▶ _What to produce_:
Print exactly the lines below between the line containing "Imagen de portada: My" and the line containing "Western Digital WD", counting both of those lines. Leave pictures out.

▶ _Records for this exercise_:
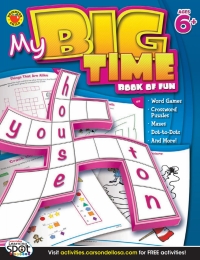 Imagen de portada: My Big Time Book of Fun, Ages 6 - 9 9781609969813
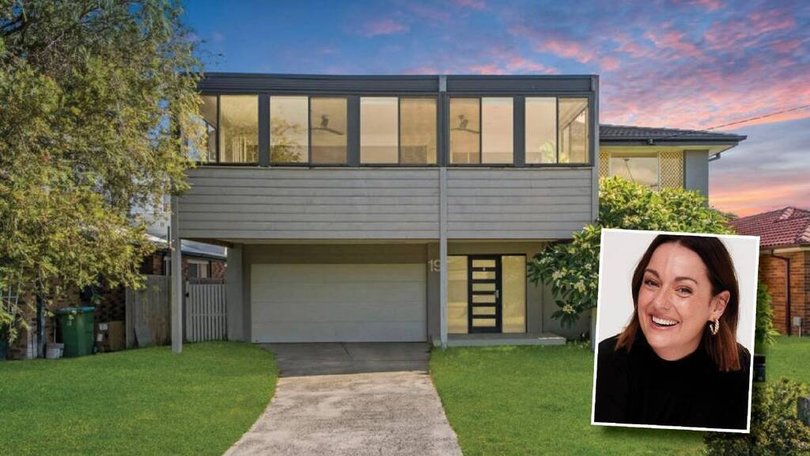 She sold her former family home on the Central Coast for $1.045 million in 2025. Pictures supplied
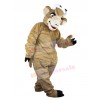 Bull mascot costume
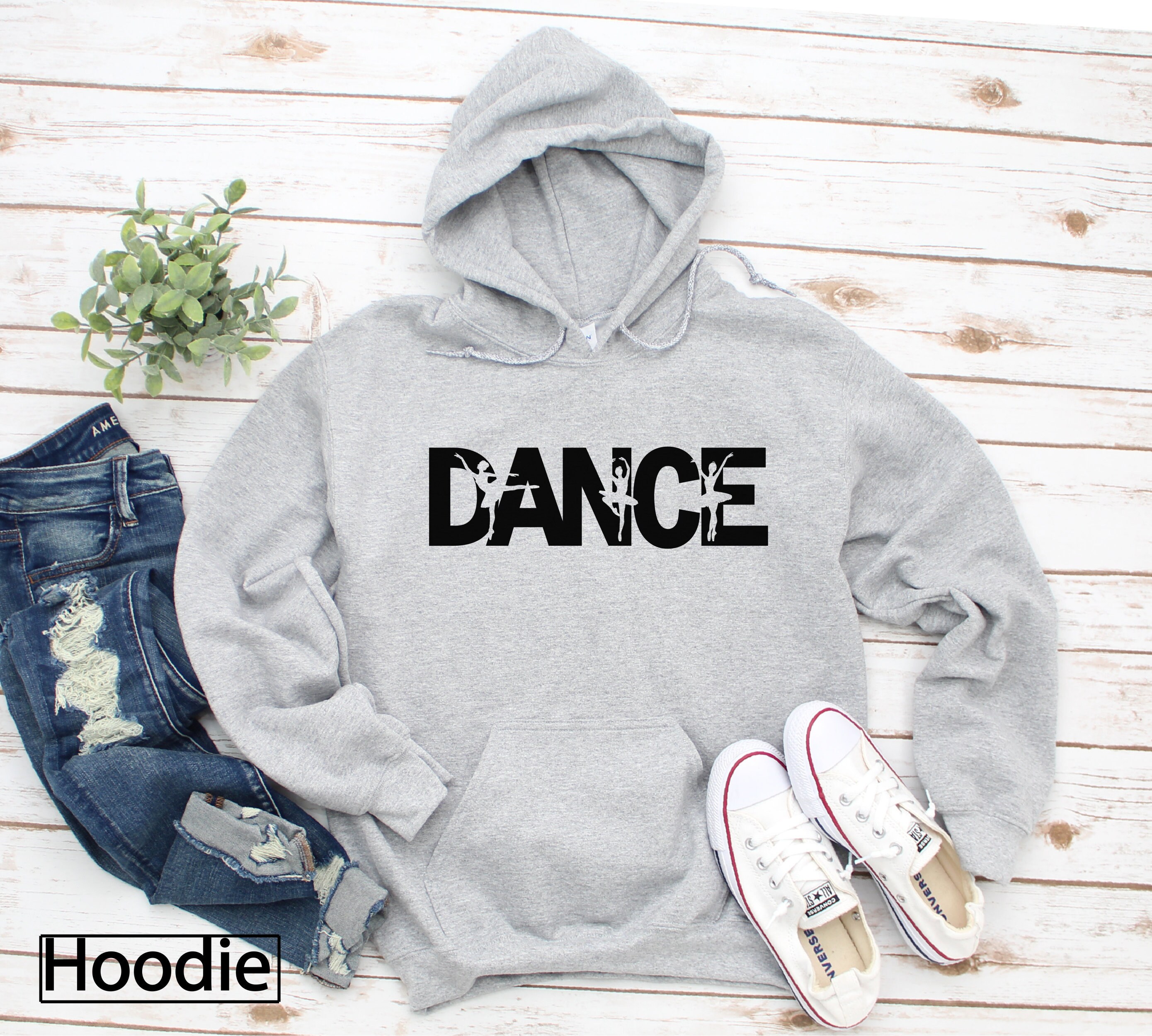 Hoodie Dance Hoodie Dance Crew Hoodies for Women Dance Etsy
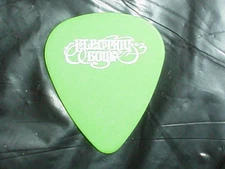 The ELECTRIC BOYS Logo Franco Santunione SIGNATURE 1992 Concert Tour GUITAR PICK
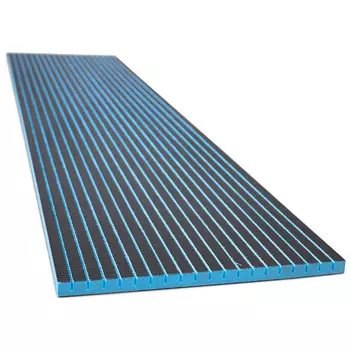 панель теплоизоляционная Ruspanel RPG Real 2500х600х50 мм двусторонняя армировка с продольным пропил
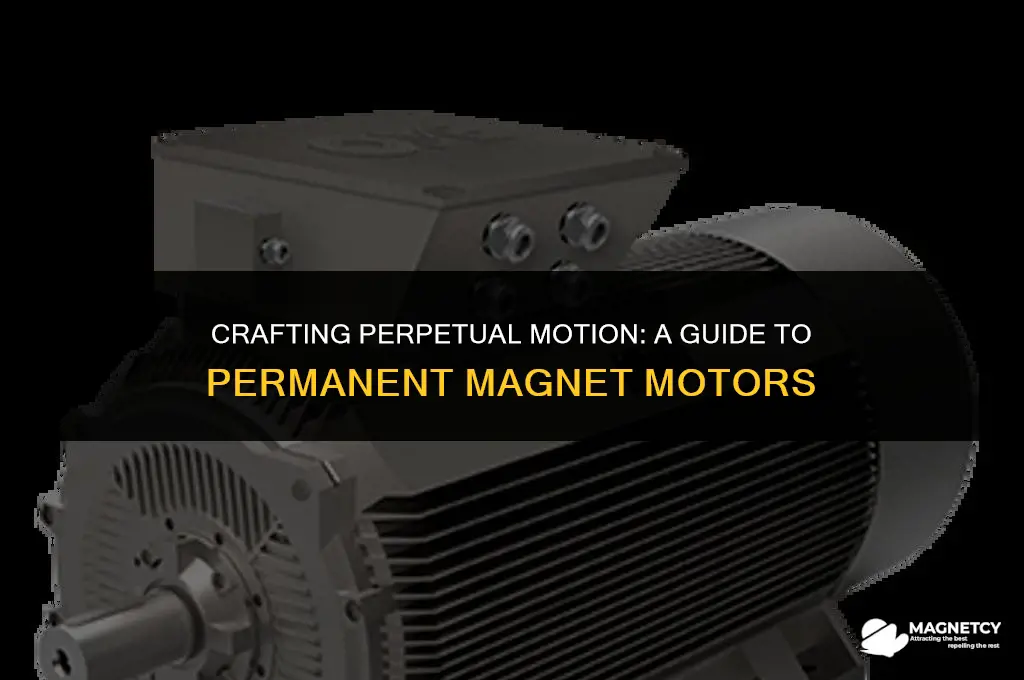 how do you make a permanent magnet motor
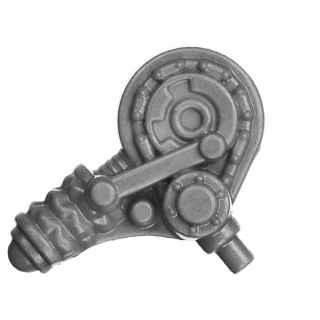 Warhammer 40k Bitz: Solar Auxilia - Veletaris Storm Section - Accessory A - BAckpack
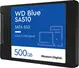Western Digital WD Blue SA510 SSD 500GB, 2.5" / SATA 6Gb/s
--
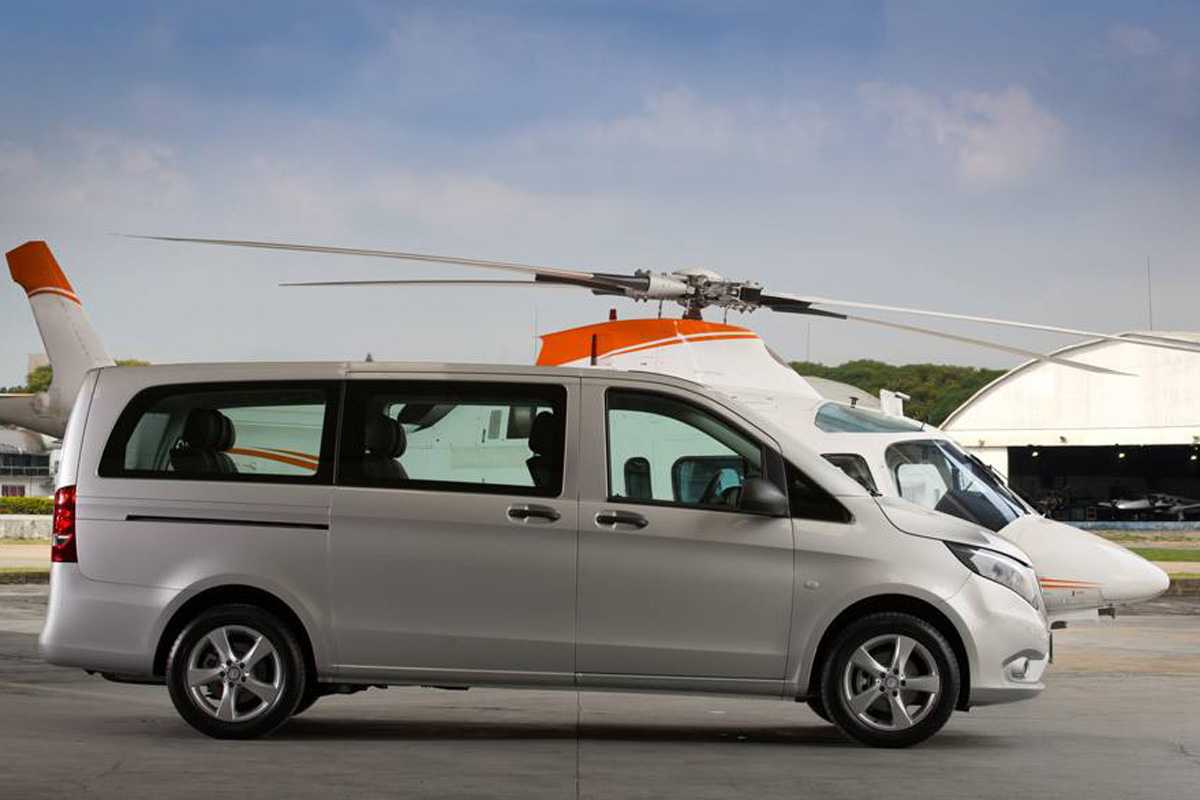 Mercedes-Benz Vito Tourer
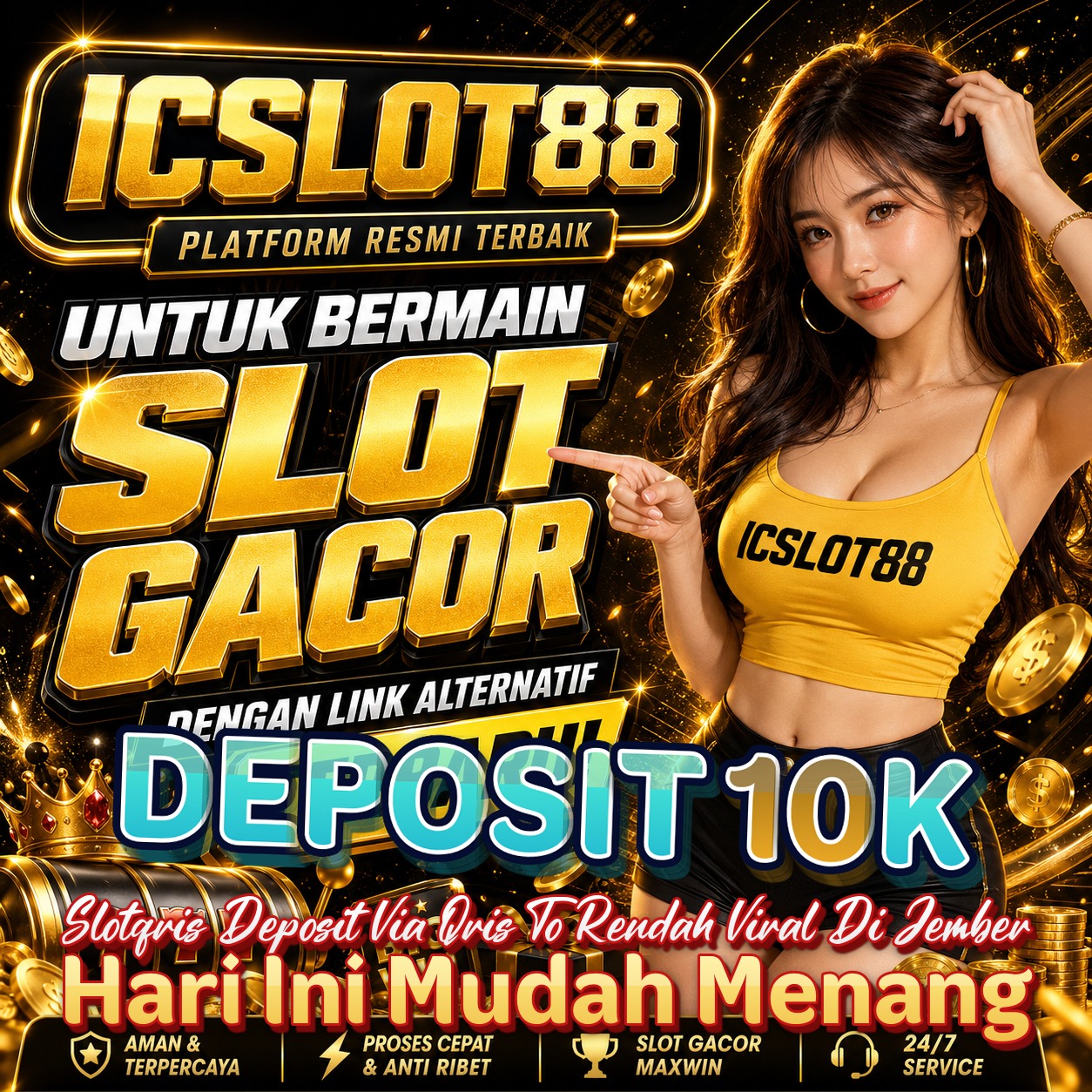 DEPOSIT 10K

▶ _Response for this exercise_:
 Imagen de portada: My Big Time Book of Fun, Ages 6 - 9 9781609969813
 She sold her former family home on the Central Coast for $1.045 million in 2025. Pictures supplied
 Bull mascot costume
 Hoodie Dance Hoodie Dance Crew Hoodies for Women Dance Etsy
 The ELECTRIC BOYS Logo Franco Santunione SIGNATURE 1992 Concert Tour GUITAR PICK
 панель теплоизоляционная Ruspanel RPG Real 2500х600х50 мм двусторонняя армировка с продольным пропил
 how do you make a permanent magnet motor
 Warhammer 40k Bitz: Solar Auxilia - Veletaris Storm Section - Accessory A - BAckpack
Western Digital WD Blue SA510 SSD 500GB, 2.5" / SATA 6Gb/s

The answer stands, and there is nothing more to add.